KETUA : Prof. Dr. H.M. LAICA MARZUKI, S.H. Saudara Ahli kalau bisa agak (...)
85.
AHLI PEMERINTAH : Prof. Dr. TOHO CHOLIK MUTTOHIR, M.A.,Ph.D. Anggota DPRD juga dilarang melakukan pekerjaan sesuai pejabat struktural pada lembaga pendidikan swasta, akuntan publik, konsultan advokat, pengacara, notaris, dokter praktik pekerjaan lain yang ada hubungannya dengan tugas wewenang dan sebagainya sebagai anggota DPRD, Dengan paparan yang kami sampaikan yang mulia, berkeyakinan bahwa Pasal 40 dimohonkan agar tetap bisa diberlakukan demi kemajuan olahraga dan demi pengelolaan secara profesional untuk menjamin agar olahraga ini betul-betul berorientasi ke depan dapat lebih maju.

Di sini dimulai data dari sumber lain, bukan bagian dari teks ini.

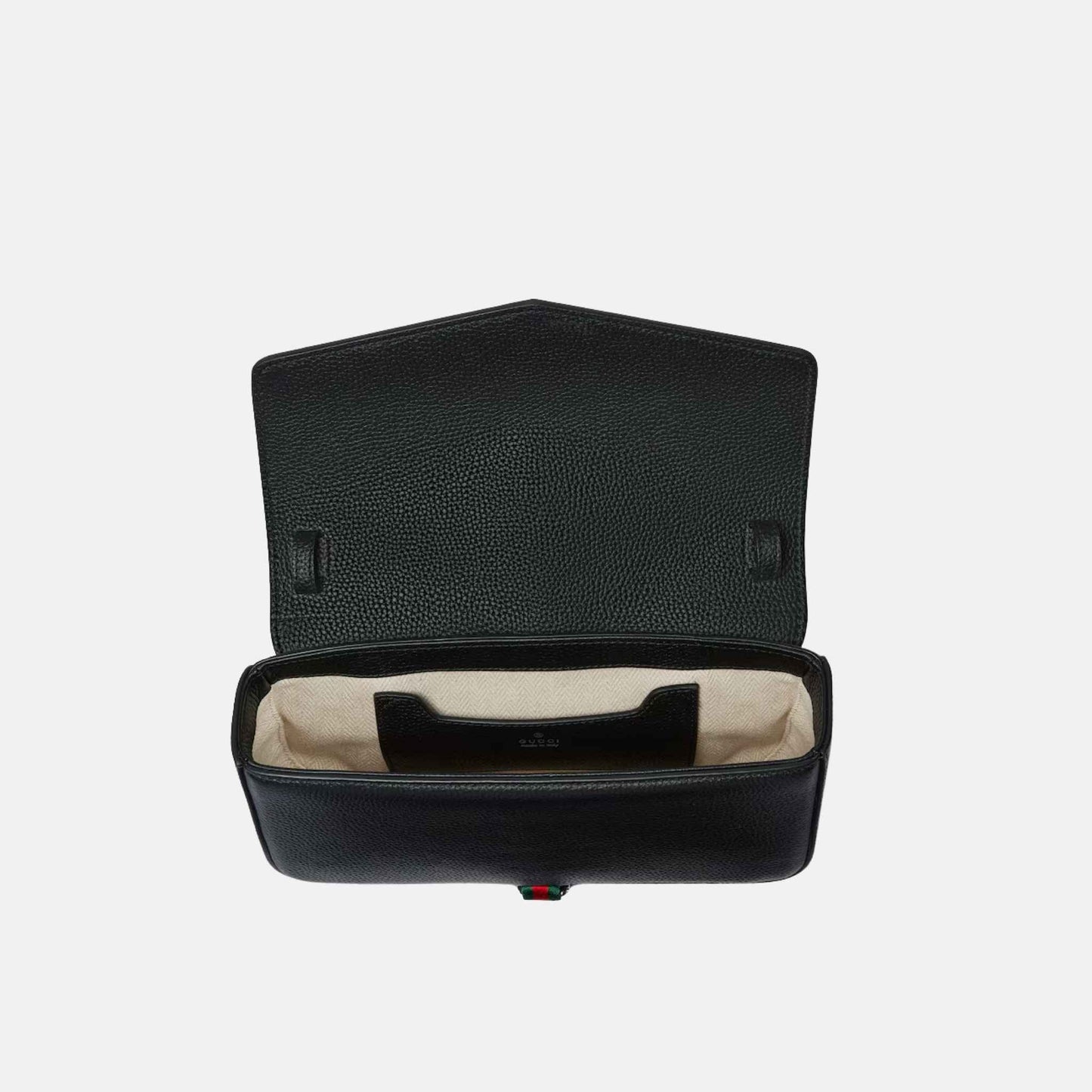 Small Crossbody Bag With Hook Closure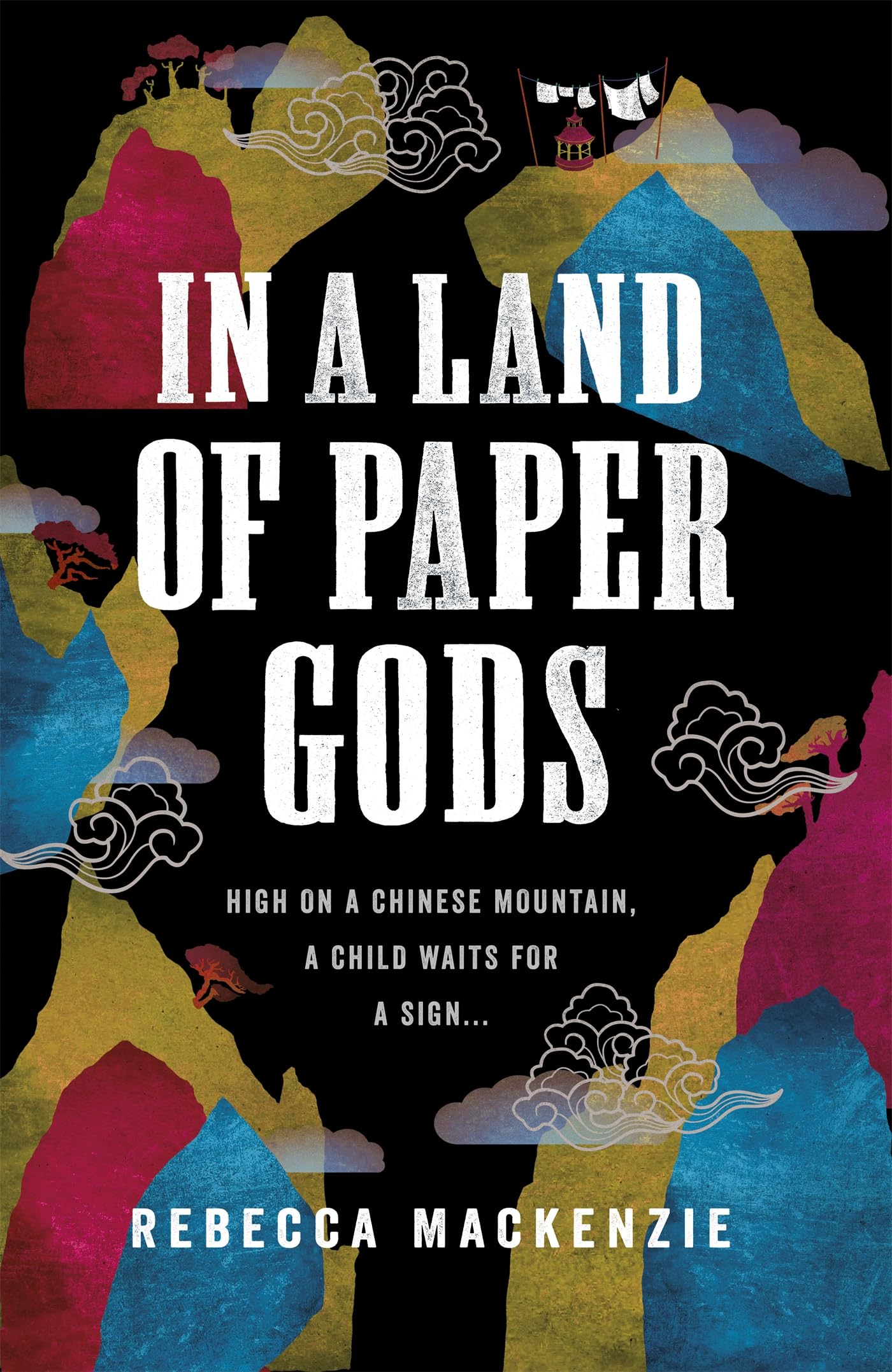In a Land of Paper Gods book
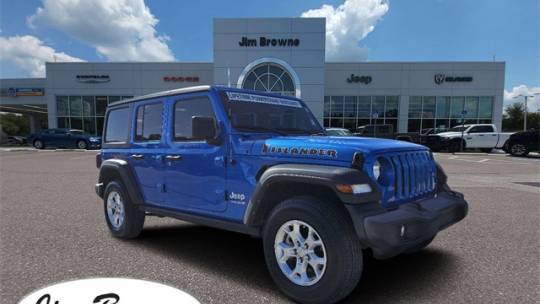 2021 Jeep Wrangler Islander — SUV — 80,415 mi — Dade City, FL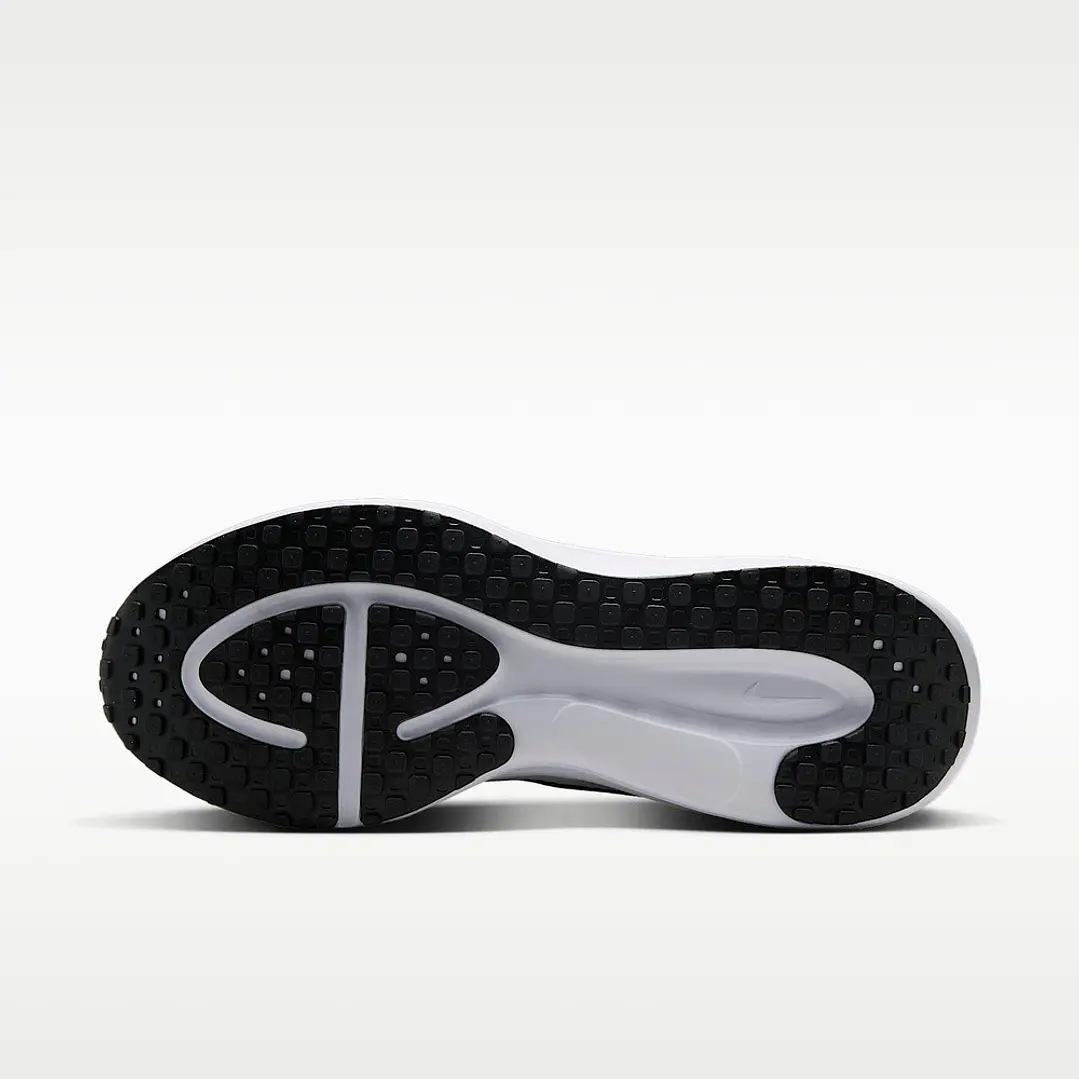Tenis Nike Revolution 8 Hombre-Blanco/Negro 6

Terima kasih, assalamu’alaikum. Wr. Wb.
86.
KETUA : Prof. Dr. H.M. LAICA MARZUKI, S.H. Dari Pemerintah, silakan
87.
KUASA HUKUM PEMOHON : MUHAMMAD SHOLEH, S.H. Satu lagi mohon izin yang mulia, mohon seperti keraguan kita diawal bahwa kapasitas Prof. Dr. Toho ini apakah sebagai ahli atau bukan? Karena beliau barusan mengakui sebagai wakil dari pemerintah, maka kapasitas ini dipertanyakan begitu.
88.
KETUA : Prof. Dr. H.M. LAICA MARZUKI, S.H. Saudara Pemohon, seperti dikemukakan tadi biarlah Majelis ini yang menilai, harap diberikan kepercayaan dan kewibawaan.
89.
PEMERINTAH : Dr. ADHYAKSA DAULT, S.H.,M.SI (MENEGPORA) Yang Mulia,
saya juga mohon dicatat perannya yang tadi dari 37
pihak Pemohon bahwa orang yang sudah dipensiunkan dengan mendapatkan Keppres tanggal 31 Desember sudah pensiun. Kemudian dikatakan lagi jangan-jangan dikembalikan lagi menjadi pegawai negeri, belajar dulu mengenai aturan pegawai negeri baru sampaikan itu. Saya kira tidak ada seorang pegawai negeri yang berani melakukan itu, terima kasih Keterangan selanjutnya saya ingin sampaikan kepada Bapak Prof. Mansyur Effendi adalah Hakim Ad hoc yang karena undang-undang seakan-akan bertentangan dengan HAM, undang-undang ini kami buat Pemerintah dan DPR untuk memajukan olahraga, saya minta—silakan Pak Hakim. 90.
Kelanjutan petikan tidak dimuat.